思いながら、書いたものをしゃべれば間違いないという判断です。
テーブルに2脚の椅子。座ると、女将さんも隣に座るのです。
また珍しい~顔見たら~
「私が初め話すからね。そして合いの手適当に入れるから。ああ、質問があったとき貴女に通訳するから安心して」
そうでした。私、障碍者で難聴なのです。質問があるのでした。
「じゃ始めますが私が指をいち、にい、さんと三本指出したら始めてください」
カメラマンさんが声かけてきて、私達がうなずくとカメラの操作始めます。
しばらく沈黙が流れると、向かいのカメラマンさんの手が上がり、指が出ます。
<いちにいさん~>
「こんにちは~とくみチャネルの司会の女将です。きょうは91歳の女装のとくみさんが皆さんからの質問に答える放送です。どんどん質問お願いします」
<もうなにがどんどん~答えるのは私なんだのよ>
思う間もなく私に向いた女将さん問いかけてきたのです。
「とくみさんコロナでお出かけもできなくてどうしていました?」
「それがマスクに密でしょう。と言って家に閉じこもっていたら90歳ですもの脚がだめになりますでしょう。それで、家の近くに広い公園があるの。一周したら4キロもあるような公園なんです。そこを散歩したあと、公園のはずれの海岸で遊んでいました」
「90歳で、お元気ですね~それで海岸で遊ぶて、なにしていたのですか?」
「ドボンしていました」
「ドボン?なにそれ?」
「ウインドサーフイン相手に遊んでました。」
「ああ、一人で船操るヨットですね」
「海岸の堤防の上に立ってね~メイクはしないけど女装姿で両手広げるのです。そしたらウインドサーフイン~もう長たらしいヨットにしますね。そのヨットが沖の方に居たのが何艘かが近づいてくるのです。勿論堤防の上に立っている私目指してね。

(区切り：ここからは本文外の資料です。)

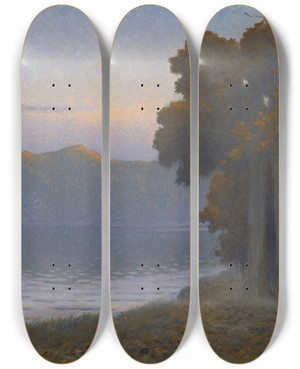 Triptych art skateboard deck of Alphonse Osbert Le Soir Sur Ltang by Alphonse Osbert (1857-1939)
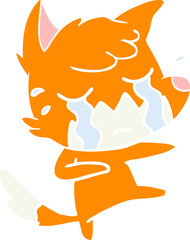 crying fox flat color style cartoon dancing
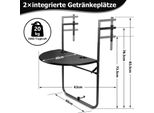 Tavolo Da Balcone Jiubiaz Tavolo Pensile Pieghevole In Metallo Tavolo Pensile 60X40Cm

嬉しくなって思わず手振りました。そしたら一艘の船の人が手振ってくれたのです。それで私が手振ってあげたら~とたんにドボン~」
「ドボンですか?」
「はい、帆が倒れて操作していた男性水の中に沈んだのです。もうびっくり~どうしょうかと思いました。私、散歩には笛を持っているのです。用心のためにね。その笛吹いて助け呼ぼうと思った位。そしたら心配していたのに、頭が浮いてきて男性の方、ヨットによじ登って水に浸かっている帆を引き上げるとそのまま何事もなくすい~と行ってしまったのです。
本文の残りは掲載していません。